The State of Rajasthan is in appeal against the judgment of
learned Single Judge, Rajasthan High Court, Jaipur Bench, Jaipur
holding that there was non-compliance with the mandatory requirements
of Section 50 of Narcotic Drugs and Psychotropic Substances Act, 1985
(in short the ’Act’). The said conclusion was arrived at on the ground
that though the accused respondent had been given the option of being
searched in the presence of Shri Satyender Singh (PW-3), the Deputy
Superintendent of Police, he was in essence a member of the raiding
party and, therefore, the search in his presence cannot at all be said
to be in consonance with Section 50 of the Act, though he was a
Gazetted Officer.
Background facts in a nutshell are as under:
On 8.9.1995 Prem Shaker Meena (PW-2), SHO Police Station,
Kotwali, Baran having received information about illicit trafficking in
narcotic substances, rushed to the place pointed out by the informant
and apprehended the accused respondent.
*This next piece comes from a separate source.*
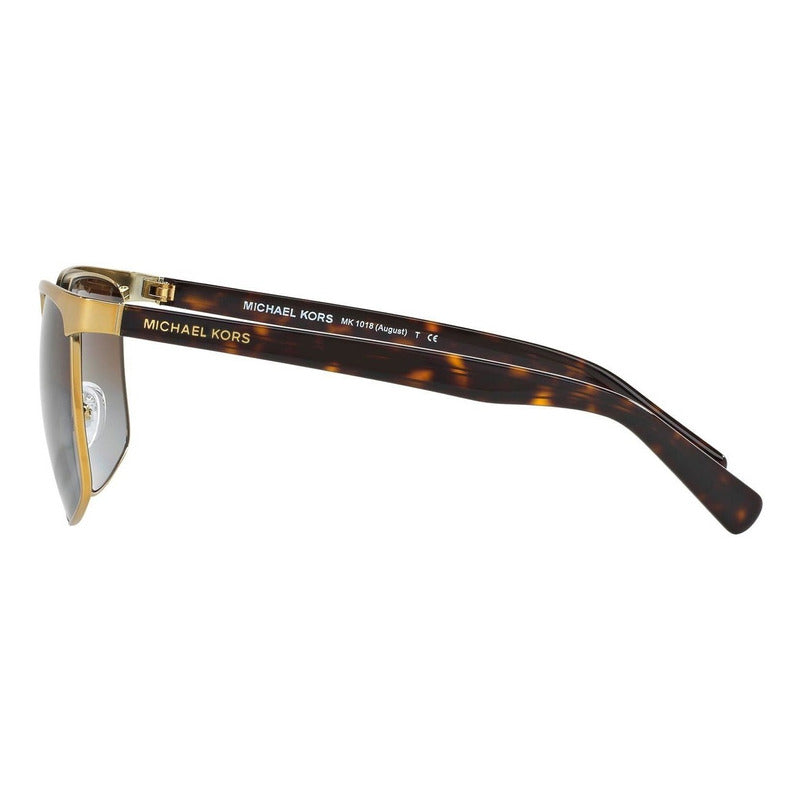 Lentes De Sol Michael Kors Mk1018 August Polarized 56mm Suns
Satyendra Singh, Dy. S.P. (PW-
3) also reached there. Subsequently, being of the suspicion that
accused respondent was in possession of contraband, the SHO informed
him of his right to have his search conducted either in presence of
Shri Satyendra Singh, Dy. S.P. (PW-3) who was a Gazetted Officer and
happened to be present there or in the presence of any magistrate. The
accused consented for his search to be conducted in the presence of the
Dy. S.P. (PW-3). On being searched, 570 grams of opium was recovered
from his possession in the presence of Ramesh Chand (PW-5) and Rajendra
Kumar (PW-6). Out of the recovered opium, a sample weighing 30 grams
was taken and was sealed. The remaining opium was also sealed. The
accused was accordingly arrested vide arrest memo Ex.P-5 and memo of
recovery was prepared. The SHO, thereafter, registered a case vide FIR
Ex.P-4 and deposited the recovered opium in the ’Malkhana’. During
investigation, the police recorded the statement of witnesses and sent
the sample to the Forensic Science Laboratory. On chemical examination,
the sample contained in the packet marked ’B’ gave positive tests for
the chief constituents of coagulated juice of opium poppy having 5.43%
morphine.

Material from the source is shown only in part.